Dans le Nord comme dans les autres régions, tout devrait être réglé d’ici la mi-juin. « On verra beaucoup plus clair à partir du moment où les grands électeurs (qui élisent les sénateurs, ndlr) seront désignés le 17 juin », explique-t-on du côté du groupe UMP du Sénat. Ce qui ne facilite pas la campagne : « Je piétine dans les starting-block en essayant de savoir ce qui se passe. Les maires attendent la composition de notre liste », explique Jean-René Lecerf.
« Humilier personne et trouver une porte de sortie »
Devant ces velléités de listes multiples, la majorité ne veut pas s’inquiéter outre mesure pour le moment. « Tout ça est légitime. Tant que le mouvement n’a pas tranché, chacun y va de sa partition pour tenter d’emporter l’investiture. Il est prématuré de parler de division », pense-t-on au groupe UMP du Sénat. « Tout le monde s’affole et essaie de faire monter les enchères. Ça va se calmer », assure une sénatrice.
Pour conserver l’unité et augmenter les chances de victoire, Gérard Larcher et Jean-Claude Gaudin ne chôment pas. Le président du Sénat multiplie les déplacements – il en est à près de 90 – dans toute la France depuis des mois. Le téléphone sonne beaucoup chez certains maires. « Gaudin rencontre beaucoup de monde. Il faut fusionner les intérêts des uns et des autres », glisse-t-on. Le maire de Marseille, en charge des investitures à l’UMP avec Brice Hortefeux, connaît la carte électorale sur le bout des doigts. Sa méthode : « C’est de parler vrai, d’écouter et d’être humain. Quand il peut arranger les choses, il se met en quatre », explique le sénateur Jean Bizet. « Il cherche à n’humilier personne et à trouver une porte de sortie. Quelle qu’elle soit ». « Il n’est pas du tout dans la menace. Il a toujours fait en sorte que les gens soient bien traités », complète-t-on au groupe UMP. Un élu du Sénat résume : « Gaudin est un vrai tacticien ». Il ajoute : « Larcher et Gaudin sont très à l’écoute des sénateurs. Ils sont à la manœuvre et ont un même objectif : conserver le Sénat ».

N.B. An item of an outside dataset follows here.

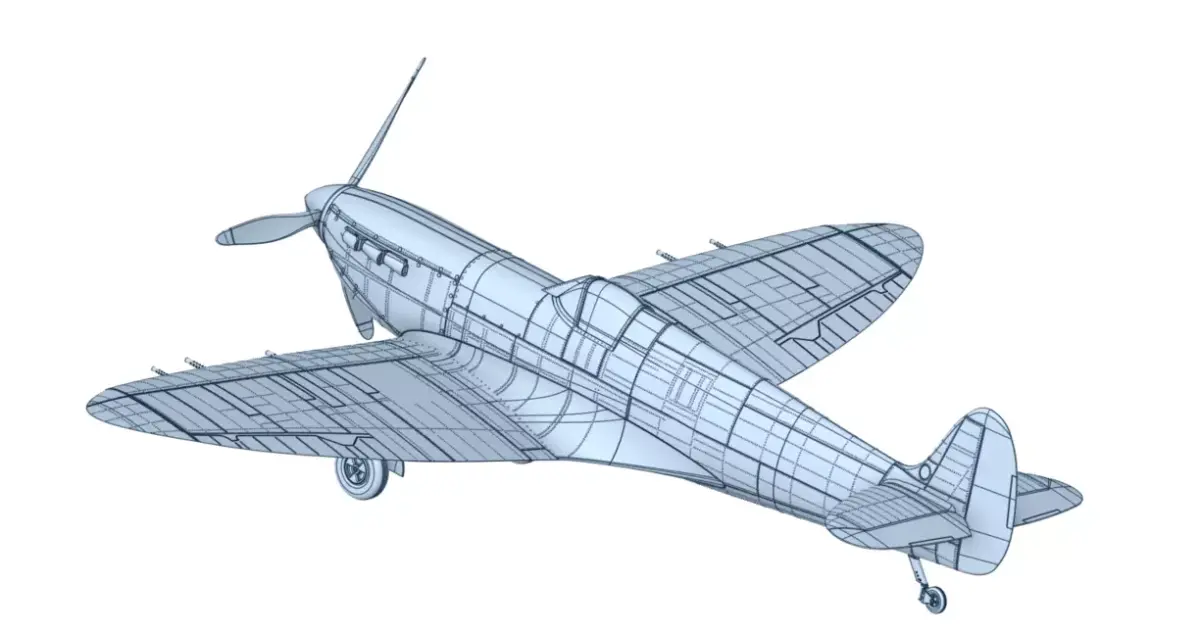 Supermarine Spitfire 1 by 24 Scale 3D Printable Model 3D print model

« Ne pas jouer avec le feu »
Si on se veut confiant au groupe, certains élus s’impatientent. « Si ça ne se calme pas, si tout le monde se disperse, on risque de perdre le Sénat. Il ne faut pas jouer avec le feu », avertit un sénateur d’Ile-de-France. « Les listes dissidentes font prendre des risques à la majorité, dont on ne sait pas dans quel sens elle va osciller », souligne Jean Bizet.
Le dernier scrutin a laissé de mauvais souvenir à droite : « A cause des divisions, l’UMP avait perdu plus de sièges qu’elle aurait dû. On ne voudrait pas que ça se reproduise, d’autant que la marge sera étroite », reconnaît un responsable du groupe. Mais au final, le samedi 1er octobre 2011, jour d’élection du président du Sénat, la droite espère conserver le Plateau. « La majorité devrait être conservée, mais ce sera très court », croit un sénateur. Même son de cloche au groupe UMP, où on met en avant une donnée de l’équation : si la droite risque de pâtir de ses divisions, elle compte sur celles de la gauche pour compenser les siennes. Dans plusieurs départements, elle n’a rien à lui envier.